ELI5 · How computers work

Concurrency vs parallelism.

One barista juggling many orders by switching between them, versus several baristas making drinks at the same instant.

These two words get muddled constantly, but they are different ideas. Concurrency is about structure: dealing with many tasks at once by interleaving them, even on a single worker who switches between them rapidly. One barista taking several orders, starting one, steaming milk for another while the first brews, looks like everything is progressing together — and it is, just not literally simultaneously.

Parallelism is about execution: actually doing multiple things at the very same instant, which needs multiple workers. Two baristas each making a drink at the same moment is parallelism. You can have concurrency without parallelism (one barista, many orders) and the two combine when you run concurrent tasks across several cores.

  1. Three orders, one of me.
    3 orders
    1

    Concurrency is one barista with many orders — dealing with all of them at once.

  2. Brew that, froth this, back again.
    brew froth
    2

    She starts one, steams milk for another while the first brews, switches between them fast.

  3. one worker, taking turns
    3

    Nothing happens at the same instant, yet everything keeps moving. That’s structure, not speed.

  4. On three — both pour!
    same instant!
    4

    Parallelism is two baristas each pouring a drink at the very same moment.

  5. four cores, four at once
    5

    That needs more hands. Add cores and CPU-heavy work genuinely finishes faster.

  6. You structure it; I’ll parallelise it.
    tasks core core runtime spreads
    6

    They combine: write concurrent tasks, and the runtime spreads them across cores for you.

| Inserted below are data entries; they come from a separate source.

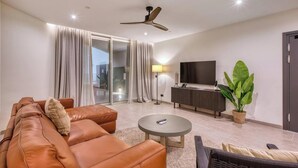 A modern living room with a leather sofa, a round coffee table, a TV, and a ceiling fan. - Elegant 2BR Retreat with Balcony & Fast Wi-Fi (Rabat)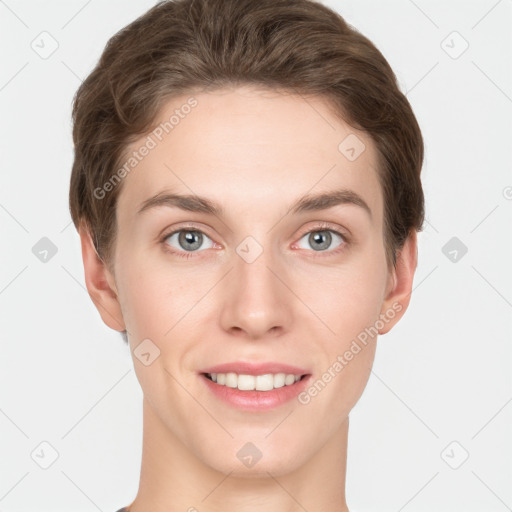 Joyful white young-adult female with short  brown hair and grey eyes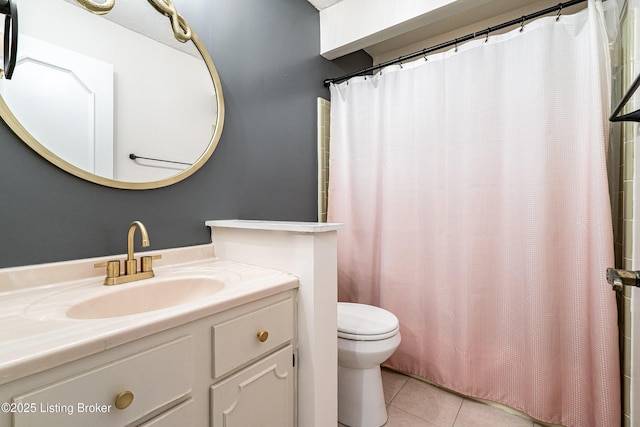 bathroom with a shower with shower curtain, vanity, toilet, and tile patterned floors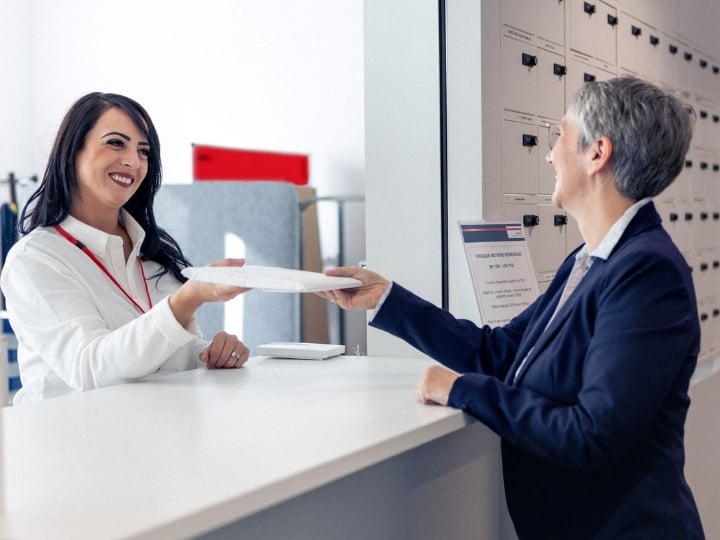 Sodexo Mitarbeiterinnen stehen an einer Theke und die eine Mitarbeiterin gibt der anderen Mitarbeiterin ein Couvert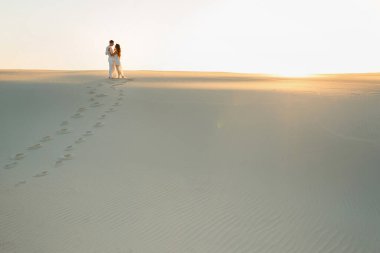 Yeni evliler gün batımında beyaz çölde çıplak ayakla yürür..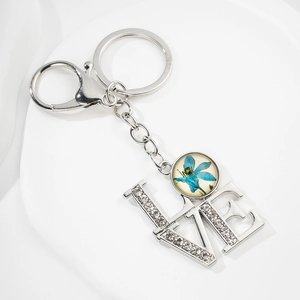 European vintage silver LOVE keychain with sparkling crystals and blue flower gemstone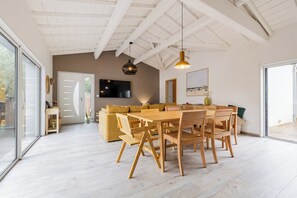Ein modernes Interieur mit Essbereich, Sofa, Fernseher und großen Fenstern.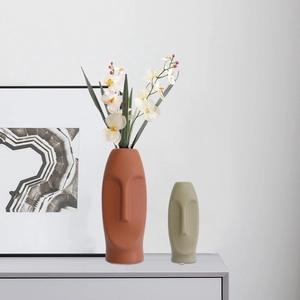 Nordic Morandi abstract face ceramic vases set with white orchids in a modern room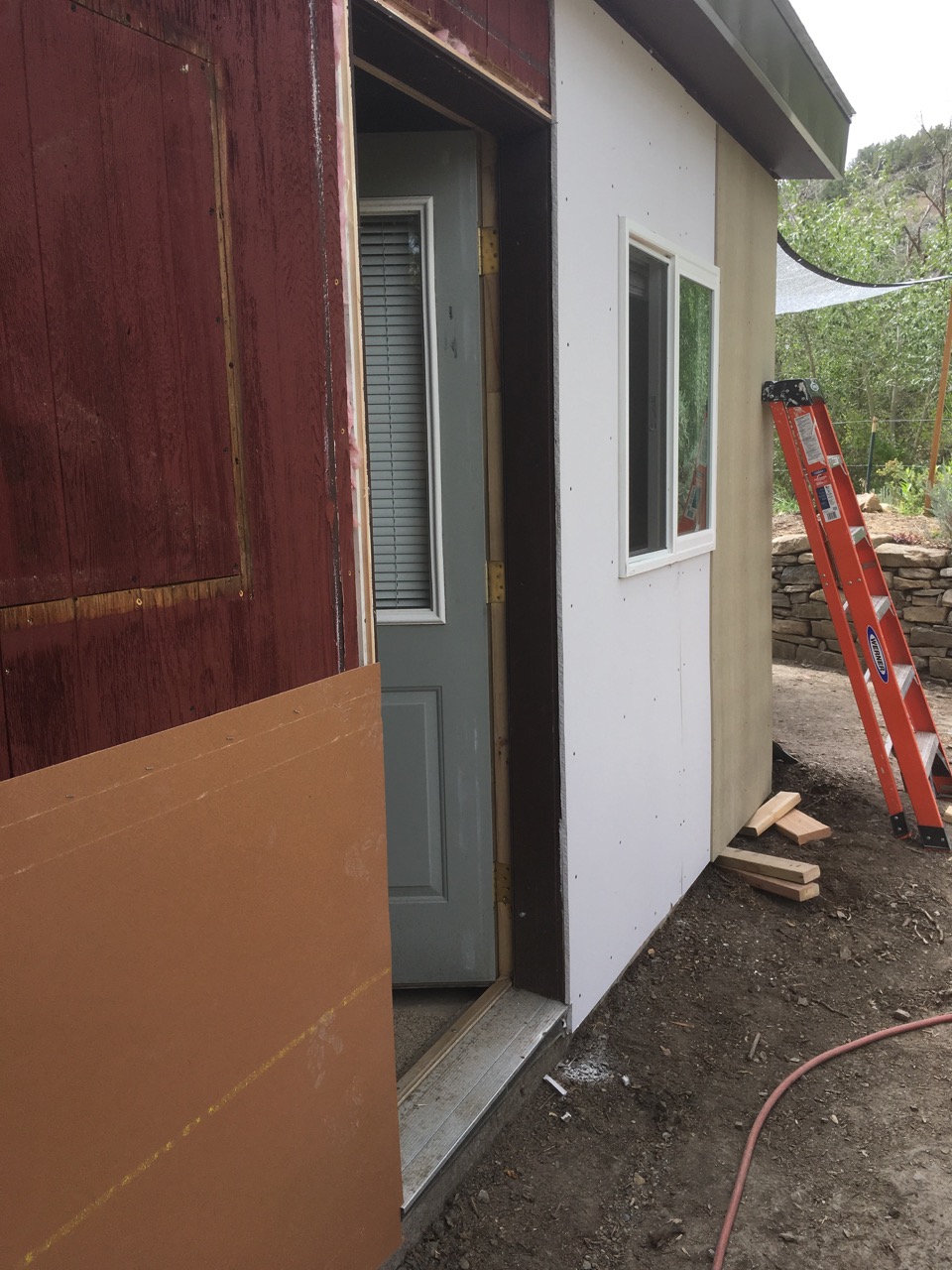 Water proofing, insulating, and siding walls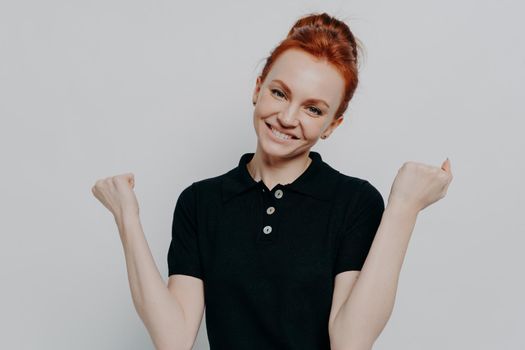 Victory concept. Studio shot of happy caucasian redhead woman clenching fists and smiling happily, excited ginger female in black casual t shirt achieving goal, isolated over grey background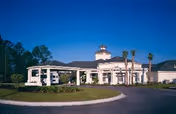 Exterior view of Mathison Retirement Community building at dusk with a circular driveway, palm trees, and well-maintained landscaping under a clear blue sky.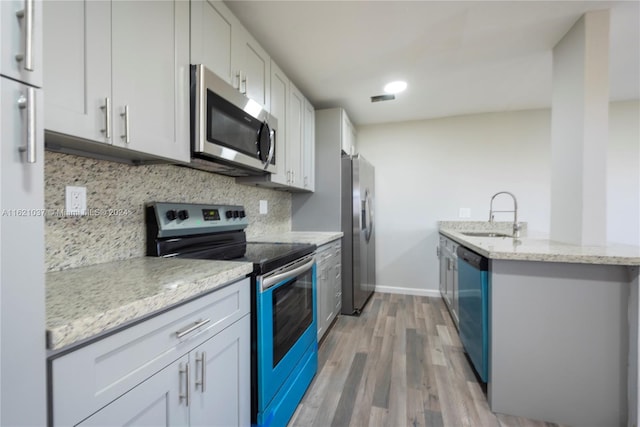 kitchen with white cabinetry, sink, light stone counters, and stainless steel appliances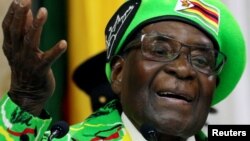 Zimbabwean President Robert Mugabe addresses a meeting of his ruling ZANU PF party's youth league in Harare, Zimbabwe, Oct. 7, 2017. 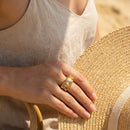 Woman holding straw hat wearing gold hammered oval stone cocktail ring, four champagne stones visible, beige linen top, warm sandy background
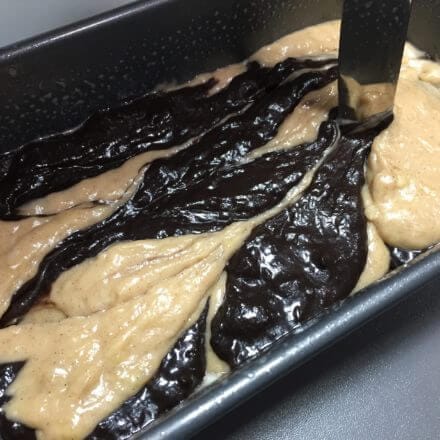 A loaf pan with swirled light and dark batter being mixed with a knife.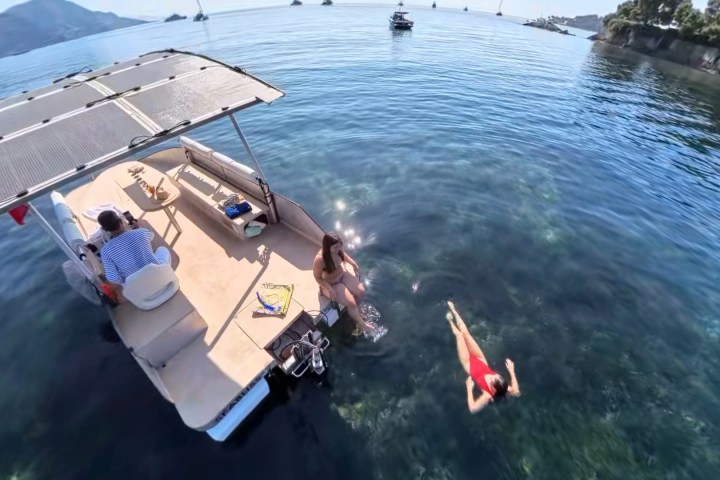 People on a boat in clear water; one person swimming nearby.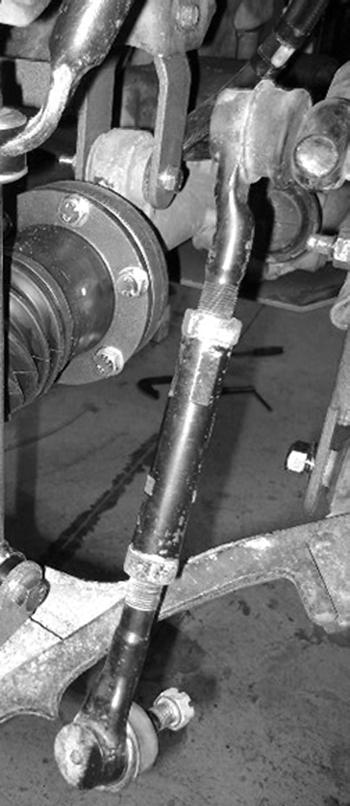 Figure 17 50. Mark and cut 3/8" off of the outer end of the tie rod end adjusting sleeve. This will match the amount removed from the tie rod end.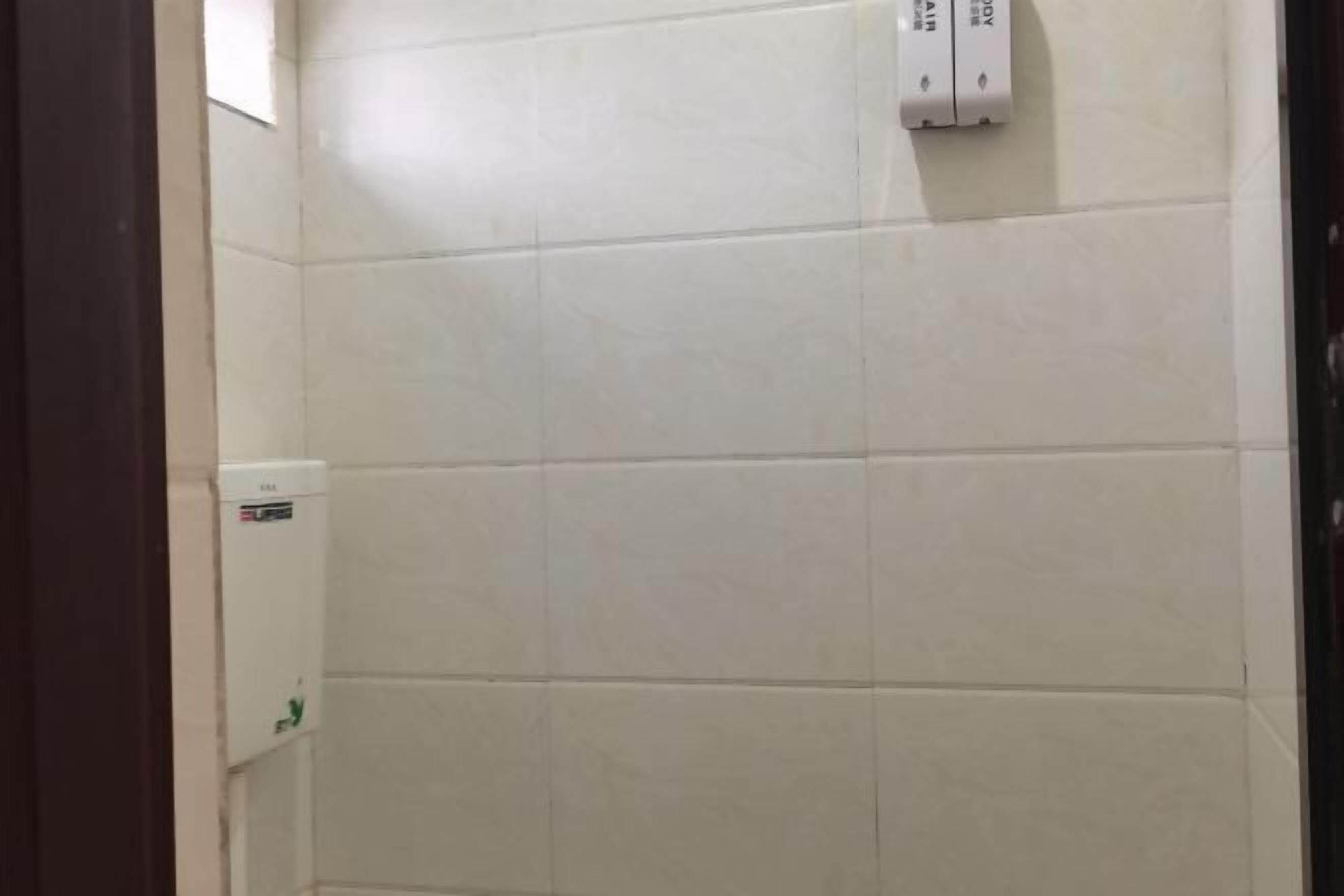 A bathroom with white tiles, a hand dryer, and a soap dispenser.
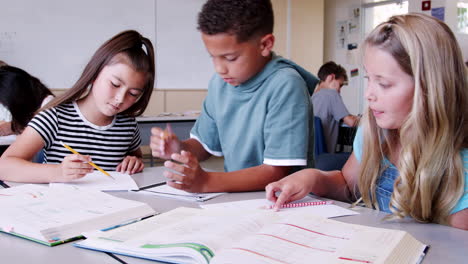 tres alumnos trabajando juntos en la lección de la escuela primaria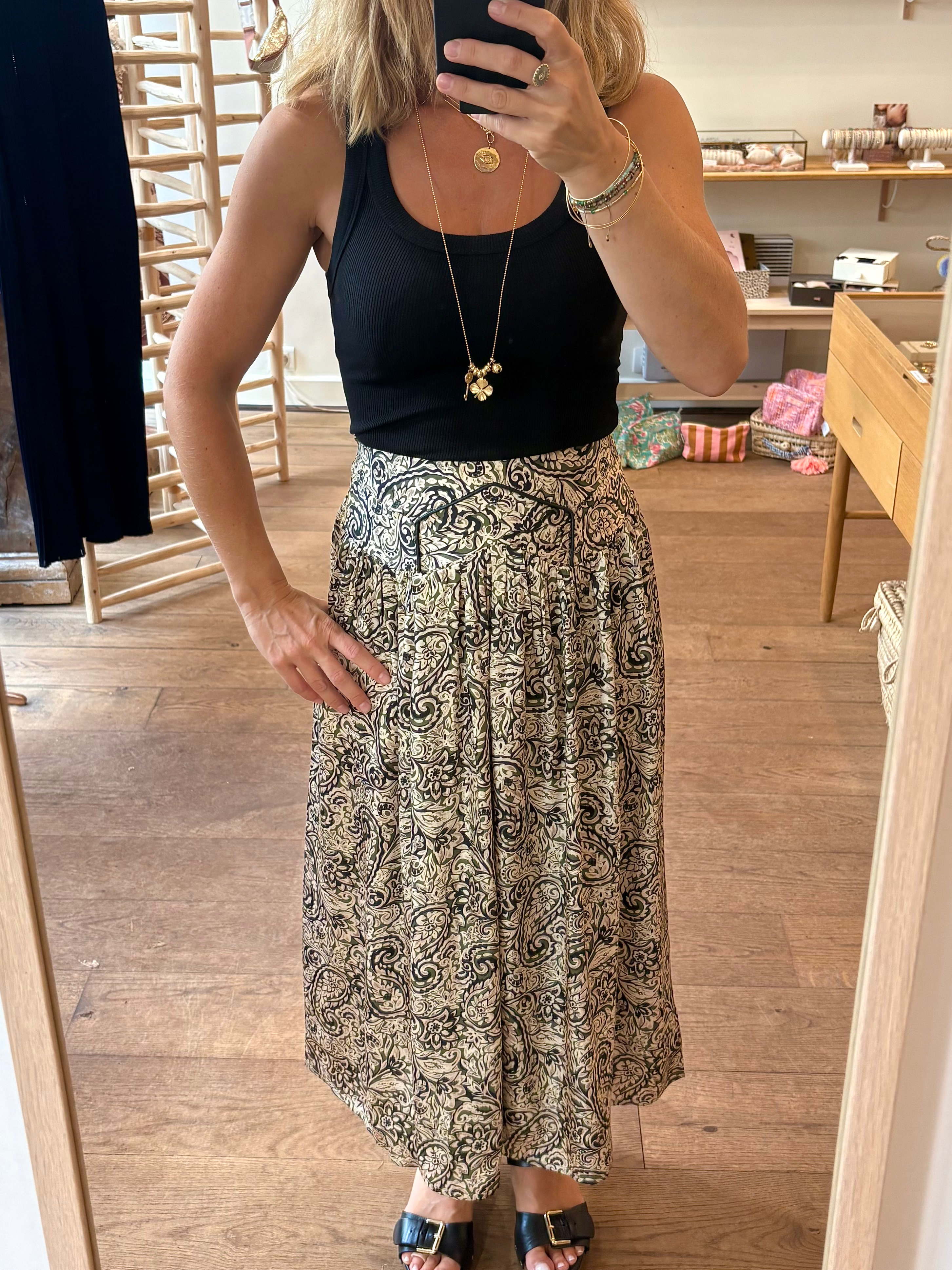 Femme en jupe imprimée noire et kaki devant miroir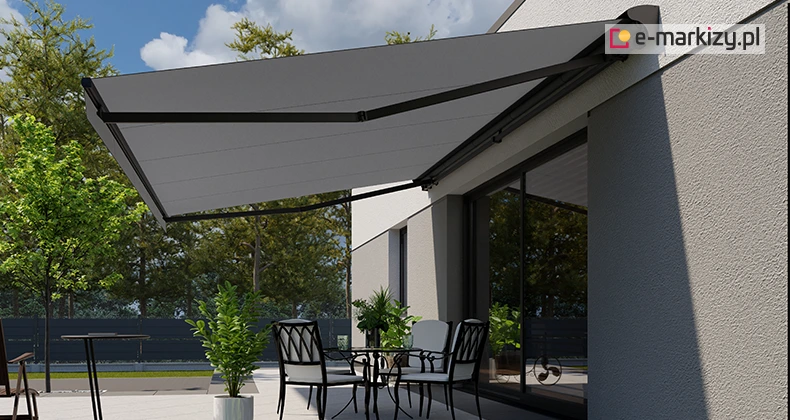 Stylowa markiza Jamaica Selt rozwinięta nad tarasem, przymocowana do jasnej elewacji budynku, osłania elegancki zestaw ogrodowy z czarnymi i białymi krzesłami.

One barista juggling many orders by switching, versus several baristas pouring at the same instant.

Why the distinction matters

Concurrency shines when tasks spend time waiting — on the network, on disk, on a user. One thread can stay busy serving other tasks while one waits, with no extra cores needed; this is what the event loop and async code exploit. Parallelism shines when you have heavy computation to grind through and idle cores to throw at it: split the work and run the pieces literally at once. Mistaking one for the other leads to disappointment — adding cores will not speed up a program that is just waiting on I/O, and clever async will not make a single-core CPU crunch numbers any faster.

How languages give you both

Good tools let you write concurrent code that the runtime can then run in parallel when cores are available. Go is a clear example: you write lightweight goroutines and coordinate them with channels (a structured way to pass data between concurrent tasks), and the scheduler spreads those goroutines across the available CPU cores. You express the concurrency; the runtime decides how much actual parallelism to apply.